La juge condamne Maxime à trois mois de prison avec sursis.

«Des pavés sur la tête»

«Il est hors de question de justifier ces comportements de violence» de la part d'émeutiers qui «n'ont trouvé que ça pour manifester leur rejet, leur dégoût», s'époumonait la veille, un autre magistrat face à six prévenus accusés d'avoir jeté des pierres sur des policiers ou d'«embuscade». 

La justice a été saisie dans l'«affaire Théo» et «c'est à elle de faire toute la lumière», répétait-elle. 

En face, les prévenus réfutent toute idée de vengeance. Ils se trouvaient là, par hasard, alors qu'ils sortaient voir des amis, allaient au cinéma ou dans un bar à chicha... Ils ne savaient pas qu'il y aurait des émeutes, n'étaient pas au courant des nombreux messages échangés depuis plusieurs jours sur les réseaux sociaux et appelant à des émeutes. 

Une défense mise à mal par les messages sans équivoque retrouvés dans un téléphone. Sur des vidéos postés sur la messagerie Snapchat, on entend un homme dire : «Wesh c'est baisé aux 3000. Coupage de lumière dans 5 minutes. Les chtards (policiers, Ndlr) vont se manger des pavés sur la tête». 

«Je savais pas que ç'allait partir en cacahuète», se justifie le propriétaire du téléphone, qui voulait «juste faire le buzz» avec sa vidéo. Interpellé dans une rue de la cité, il jure ne pas avoir pris part aux violences dans la nuit de lundi à mardi. 

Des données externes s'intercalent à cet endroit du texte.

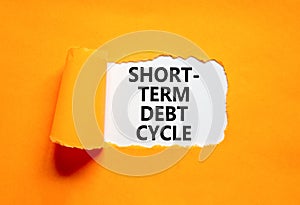 Short-term debt cycle symbol. Concept words Short-term debt cycle on beautiful white paper. Beautiful orange background. Business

«Qui me dit que ces jeunes ne sont pas venus pour assister au spectacle ?», plaide l'un des avocats. 

«Dans le VIIe arrondissement parisien, quand on sort de chez soi, on va au musée, au théâtre... Ici, il n'y a rien de tout cela», dit ce conseil. Et d'assurer : «A Aulnay-sous-Bois, on voit ses amis dehors, on squatte dehors, on se regroupe.»

Présents au cours des émeutes, par hasard ou pas, deux prévenus ont été condamnés mercredi à six mois ferme pour «embuscade»; trois autres, jugés pour les mêmes faits, ont eu une peine de six mois de prison avec sursis. Un sixième prévenu, accusé de jets de pierre à contre des forces de l'ordre, a été relaxé. Jeudi, outre Maxime, deux jeunes de 18 et 19 ans ont été condamnés à deux mois de prison avec sursis pour «complicité de violences».